Non-English RAG eval

What to measure when your corpus and your users do not share a language with most of the literature.

Most public RAG literature evaluates English-only systems. Most production RAG systems do not serve English-only users. The gap is where teams discover, post-launch, that the embedding model collapses synonyms in Hindi, that the faithfulness judge slips into English when reasoning about Vietnamese, and that the answer reads as a translation rather than as native prose. This page lays out the dimensions you have to evaluate separately when the language is not English.
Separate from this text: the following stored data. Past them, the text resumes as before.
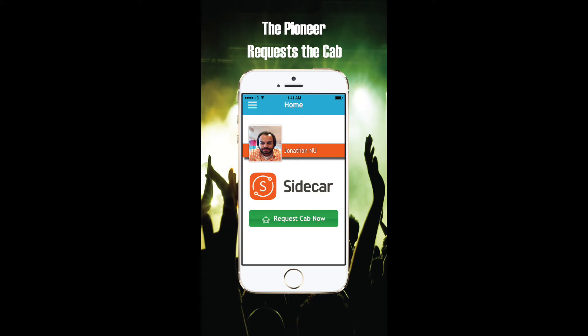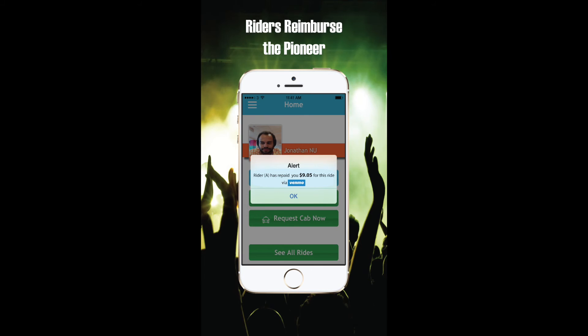Once your ride group has assembled, the Pioneer clicks Request Cab and will be taken to the Sidecar app to book the cab. As a ride joiner, you will be asked to Venmo the Pioneer your share of the ride, directly from the CabEasy application.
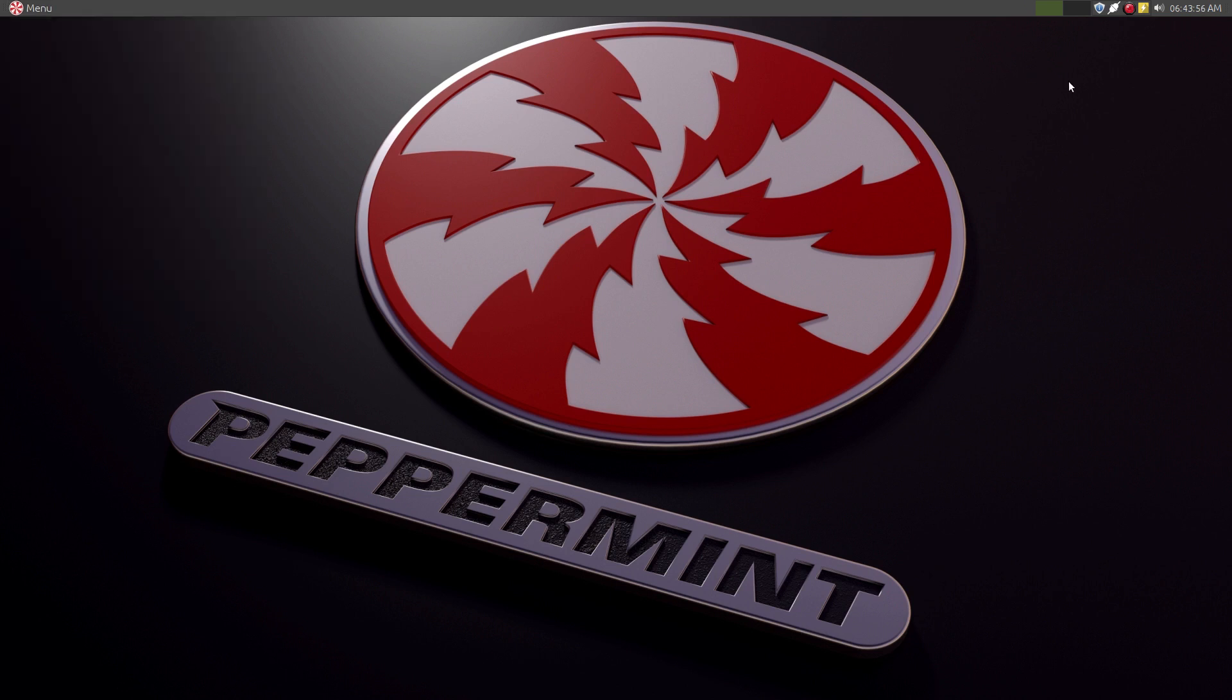So there you go. Peppermint OS version 8. Thank you.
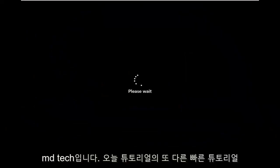Hello everyone, how are you doing? This is MD Tech here for another quick tutorial. In today's tutorial I'm going to show you guys how to go about resolving a Windows 11 blue screen error you're having on your computer.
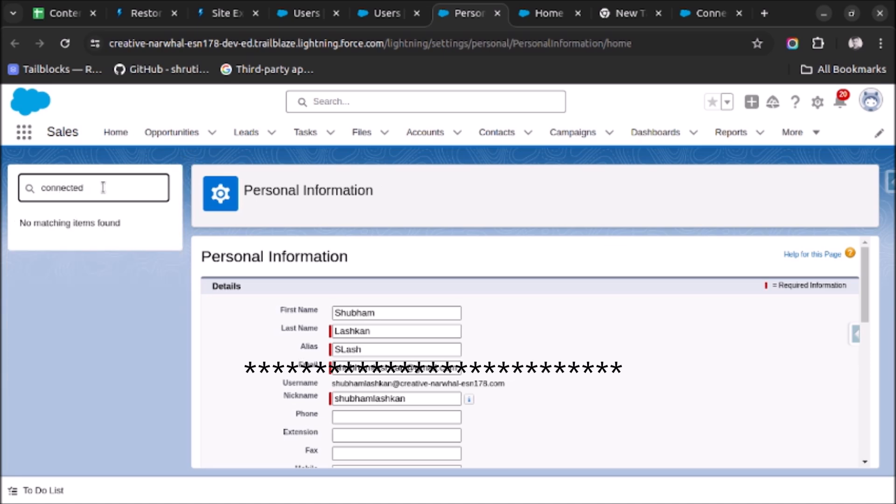And as you can see, connected accounts is not visible to us. So how to resolve this issue?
What changes outside English

Three things change. Embedding-model behavior varies across languages, sometimes drastically. Tokenization shifts: a token that costs one in English costs three or four in Devanagari or Chinese, changing both cost and effective context. Judge behavior shifts: a judge calibrated against English faithfulness labels does not generalize to other languages, and may default to scoring the English back-translation of the output rather than the output itself. Each shift is a separate failure surface, and a single end-to-end pass rate hides all three.
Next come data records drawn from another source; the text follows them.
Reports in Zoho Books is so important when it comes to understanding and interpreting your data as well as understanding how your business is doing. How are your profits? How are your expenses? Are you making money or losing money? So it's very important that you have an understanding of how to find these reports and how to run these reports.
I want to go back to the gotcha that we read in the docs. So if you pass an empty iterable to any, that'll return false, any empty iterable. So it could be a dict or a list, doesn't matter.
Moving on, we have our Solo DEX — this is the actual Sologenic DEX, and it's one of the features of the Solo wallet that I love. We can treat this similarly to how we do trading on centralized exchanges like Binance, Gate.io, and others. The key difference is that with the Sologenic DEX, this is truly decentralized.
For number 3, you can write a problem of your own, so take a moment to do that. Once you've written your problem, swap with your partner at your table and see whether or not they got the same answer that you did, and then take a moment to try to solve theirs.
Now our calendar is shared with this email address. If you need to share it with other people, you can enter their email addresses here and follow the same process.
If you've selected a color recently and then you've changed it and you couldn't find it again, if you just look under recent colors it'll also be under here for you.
Retrieval: embedding and lexical

MTEB tracks per-language retrieval scores for most production embedding models, and the per-language deltas are large. A model averaging 60 on English may land at 40 on the target language; a multilingual-from-scratch model may invert the ranking ^[1]. Score your candidate embedding models on a labeled retrieval set in the target language, not on the English benchmark. The labeled set can be small (a hundred queries with gold chunks) and still distinguish a model that handles the language from one that does not.

# embed_compare.py
from sentence_transformers import SentenceTransformer
import numpy as np

CANDIDATES = [
    "intfloat/multilingual-e5-large",
    "BAAI/bge-m3",
    "Alibaba-NLP/gte-multilingual-base",
]

def recall_at_k(model_name, queries, chunks, k=5):
    model = SentenceTransformer(model_name)
    chunk_embs = model.encode([c["text"] for c in chunks], normalize_embeddings=True)
    ids = [c["id"] for c in chunks]
    hits = 0
    for q in queries:
        q_emb = model.encode([q["query"]], normalize_embeddings=True)[0]
        gold = ids.index(q["gold_chunk_id"])
        top = np.argsort(-(chunk_embs @ q_emb))[:k]
        hits += int(gold in top)
    return hits / len(queries)

for name in CANDIDATES:
    print(f"{name}: Recall@5 = {recall_at_k(name, queries, chunks):.3f}")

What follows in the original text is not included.